Much later, Rachel had woken in darkness to find the bed shaking; soft, urgent, animal noises coming from the far side. Ben had said he wasn’t in the mood when they were undressing, as happened so often these days. They’d both shuddered as the rhythm of his hand reached its peak.

The car park was busy now: idling taxis criss-crossed the potholes, and a coach with steamed-up windows disgorged a fill of Japanese women in thin dresses. There was no sign of Ben. Rachel walked among the cars, stepping on ridges of frozen mud at the car park’s edge. Then suddenly, there he was, loading matching luggage into the boot of a taxi on the far side. In her mind, Rachel had built the woman up into a cartoon Cruella de Vil, but it was worse than that. She was softer, slinkier. More real.
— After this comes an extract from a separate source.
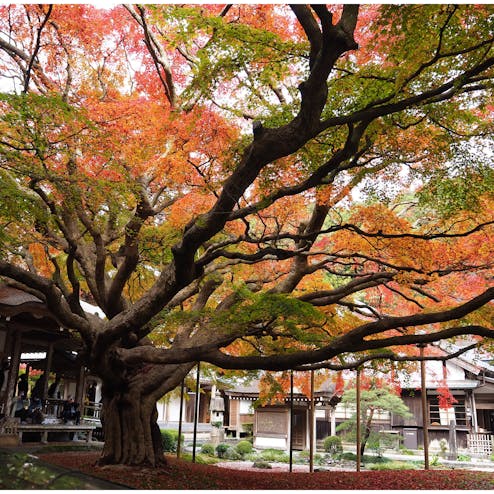 雷山千如寺 大悲王院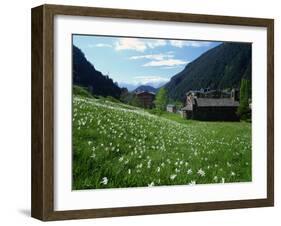 Poet's Narcissus and Tiny Old Church Above Arinsal Village, Arinsal, Andorra, Pyrenees-Pearl Bucknall-Framed Photographic Print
Her lips were subtly drawn. Her fur coat was a rich brown, its pelt grazing her mid-thigh. Bare above heeled boots, she had the legs of a much younger woman. Even in the depths of that coat, her curves showed through, and her luminous skin was pink-cheeked in the cold.

Rachel watched the woman shake Ben’s hand and then hold it a moment; there was intimacy there. The palm of her other was on his chest. Perhaps a finger slipped between the buttons of the cotton placket to the cooling skin beneath his shirt. The hotel manager looked on from the steps, smiling.
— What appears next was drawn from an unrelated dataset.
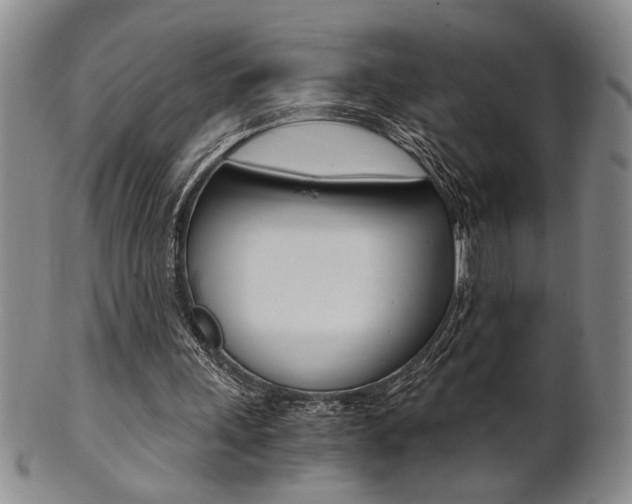 X0000101680243200807101151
Ben seemed to sense Rachel’s presence then, and he turned and waved. He was smiling, and a stranger would have thought nothing of it, but even from here she could see the duck and rise of his Adam’s apple as he swallowed hard. The woman lifted a hand to no-one in particular, and slipped inside the cab; bare flesh swivelled on the seat, skirt inching up a fraction, as she closed the door. The taxi left at once, brake lights pulsing only briefly as it swung down under the railway bridge and away.

Rachel knew there would be a moment that night when Ben would go to the bathroom, his set-aside clothes laid out on the bed like a flat-packed man. She would be able to check the pockets if she wanted, and she knew there’d be something there. A stray bead from that gilt choker, perhaps, kept as a keepsake, or a smudge, dark as blood, on the white cotton of his collar. A number written in his messy scrawl on a corner of the hotel’s postcard. Perhaps a single hair, not Rachel’s blonde, left entangled in his wool blazer’s lapel. It was whether she chose to see it.

Rachel thought again of the hedgehogs in the swimming pool, of those creatures lifted in a chunk of ice, like flies caught in amber. Clawing towards each other in the solidifying cold. A frozen tussle, two boars wrestling even as the water turned their blood to ice, or was it something else? A male and a female? Two warm bodies scrabbling for each other, seeking something – rescue, comfort, death-defying sex – as darkness closed around them. When the chance came that night, she wondered what choice she would make.